I’m sorry that you stole my bike – #ThoughtfulThursday

This evening I met with a constable from the Belfast Harbour Police; he took my statement regarding an incident in late April when 3 young teenagers made off with the Belfast Bike that I had returned to a station in Titanic Quarter.

I had returned the bike according to protocol, reported the incident immediately to the company and the police, and because of that I was not going to be held liable for the lost bike. Yay.

A few days later, the bike was found, badly battered and beaten (missing the light, handle covers and bell, with cut wires, slashed tires, and dents) but the case seemed closed; now they just wanted my official statement for the record.

However, those boys were never caught and that’s what makes me feel awful.

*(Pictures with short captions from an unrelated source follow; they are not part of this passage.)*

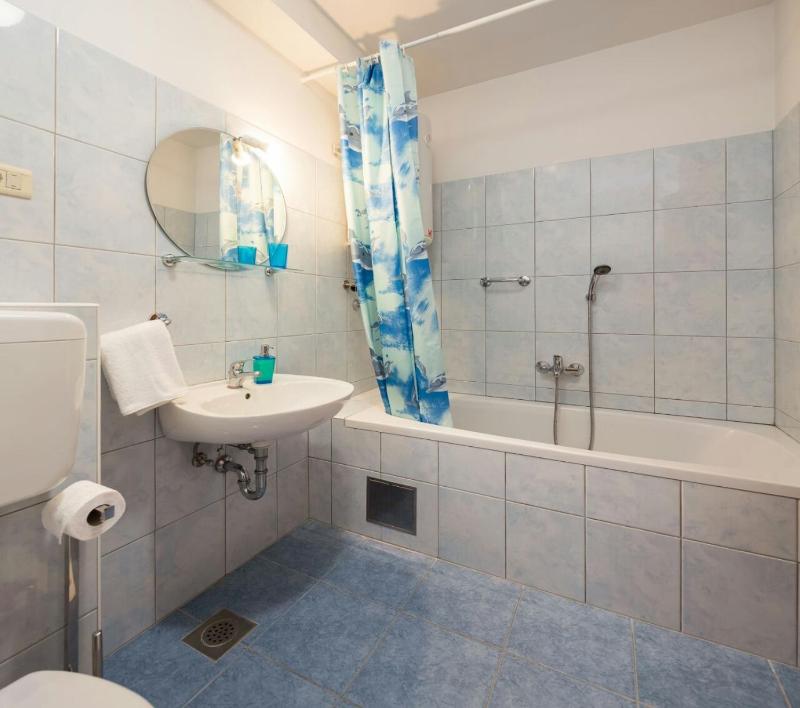 Apartments with WiFi Split - 14127 - image 3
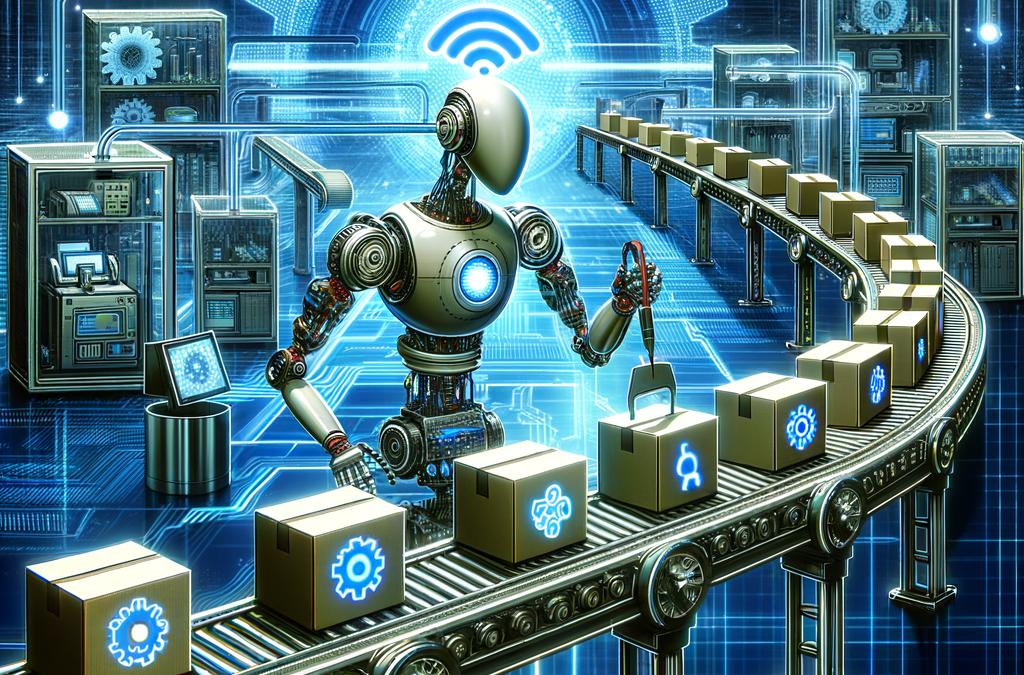 AI Drives a Paradigm Shift in Service-as-Software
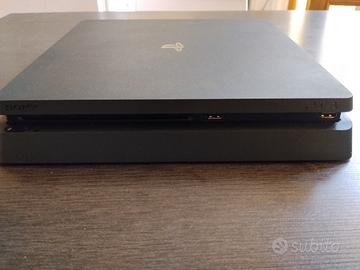 PS4 Slim 500 GB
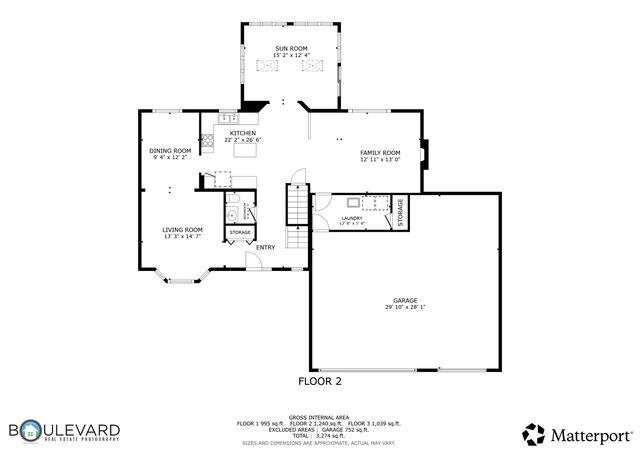 550 Hawthorne Woods Drive, Eagan, MN 55123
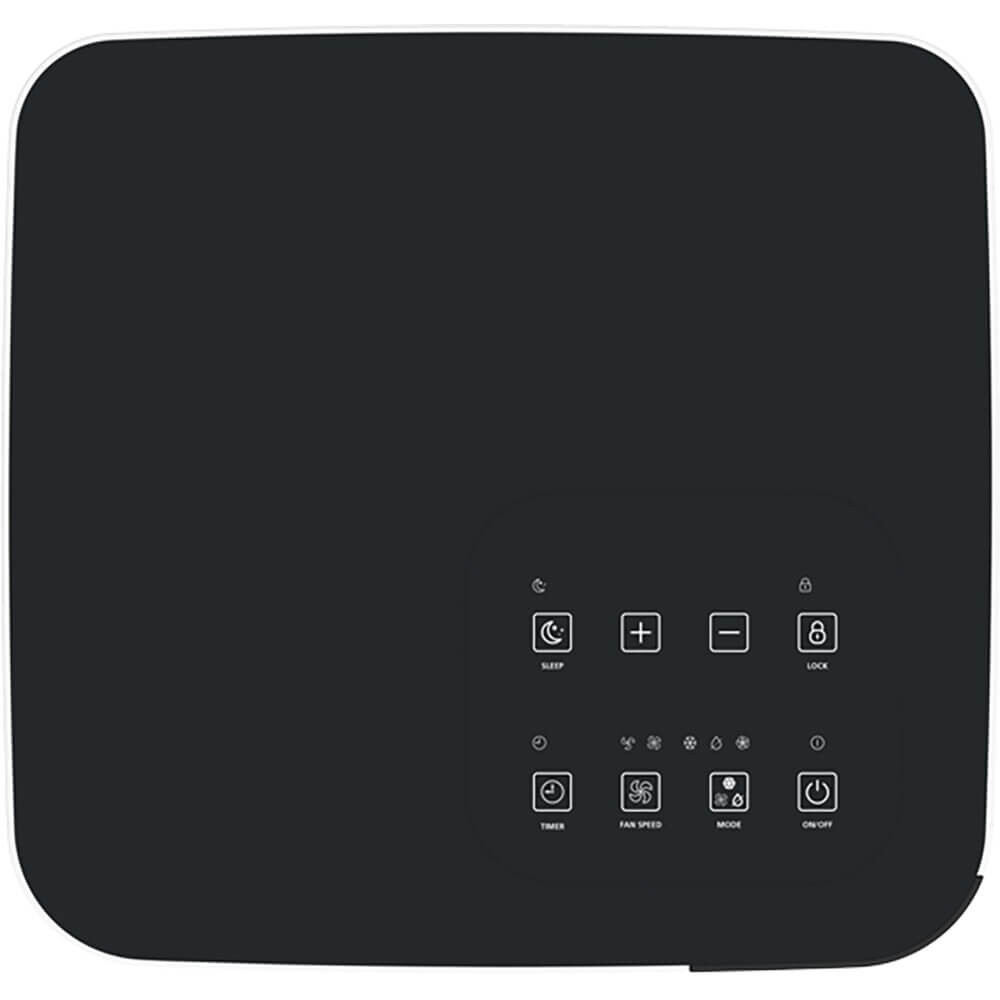 Мобильный кондиционер FUNAI MAC-MG28CON01 - фото 5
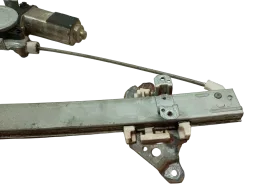 MÁQUINA DE VIDRO PORTA TRASEIRA ESQUERD FRONTIER 98 A 08 ELÉ
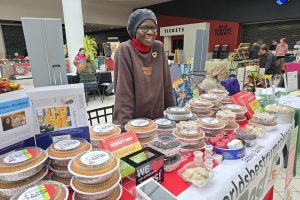 Farm Fresh Easter Fest and Holiday Favorites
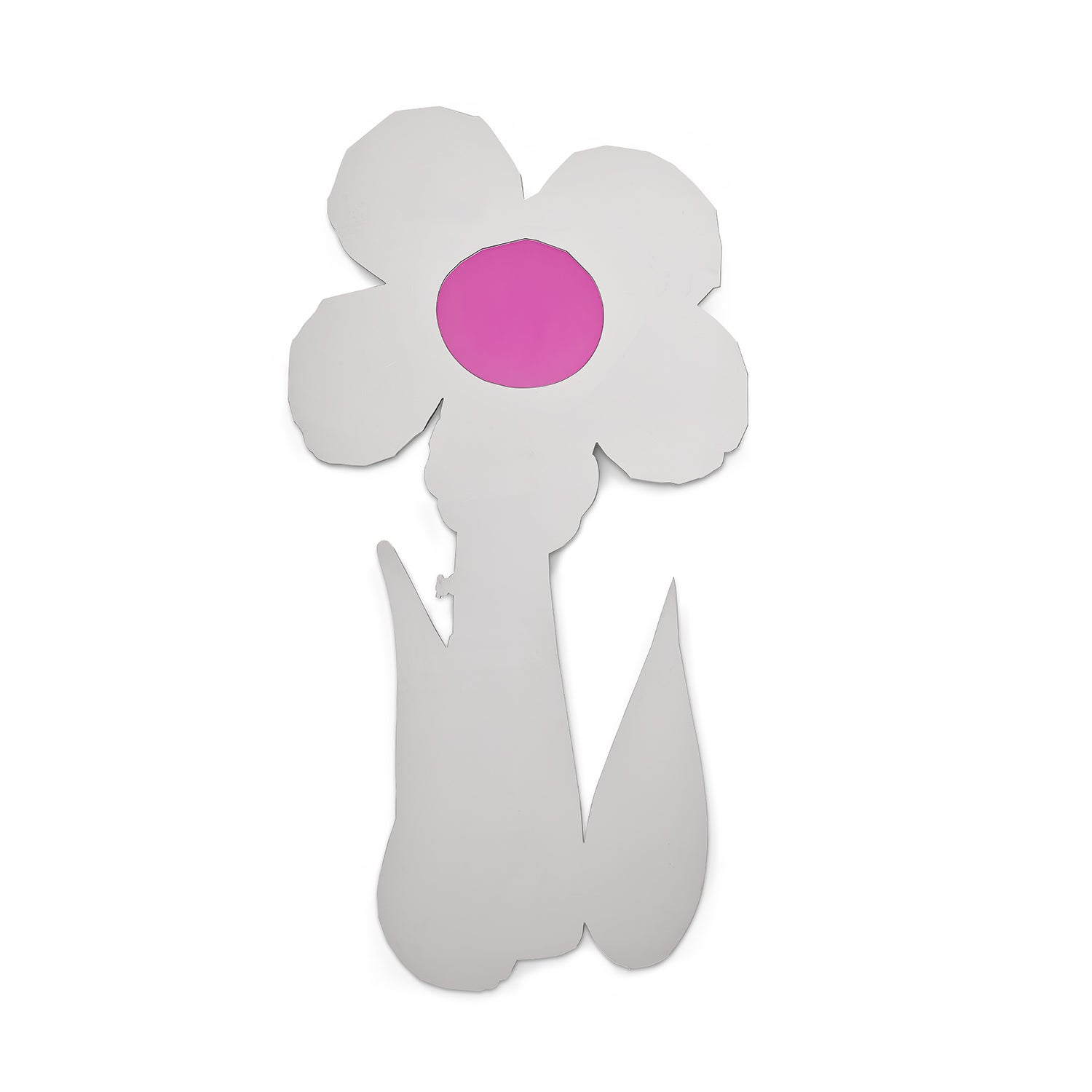 Inflatable Flower (Pink)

No, I don’t want to see them “punished”, I want to take this chance to apologize to them.

Children and youth are not inherently bad. I was just one myself, less than a decade ago, and I know that they’re (mostly) actually quite alright; but they struggle with impulse control – they see a tall ledge and feel the need to jump. They see a loose sign and just have to hit or kick it. Someone offers them a swig of a drink they shouldn’t have? Sure, why not.

Most teenagers don’t go looking for trouble, trouble finds them and I inadvertently presented their ids with a challenge to juicy to pass up – a chance at a cheeky joy ride.

As I said, it wasn’t my fault that the bike didn’t lock properly, but they watched me struggle to get it to lock properly in the first place, and as soon as I stepped away they tried to yank it back out.

I am sorry that you were tempted to do this and I am even more sorry that you got away with it. Because you got away with it, you will not have learned how much stress this caused me, or just how much it would have cost me (a total stranger to you) to replace the bike if they had held me liable (£250 btw) and you didn’t learn what  the consequence for stealing is to you personally… You had a jolly joy ride, feeling like the macho men society pressures you to be, like Rebels and cool dudes.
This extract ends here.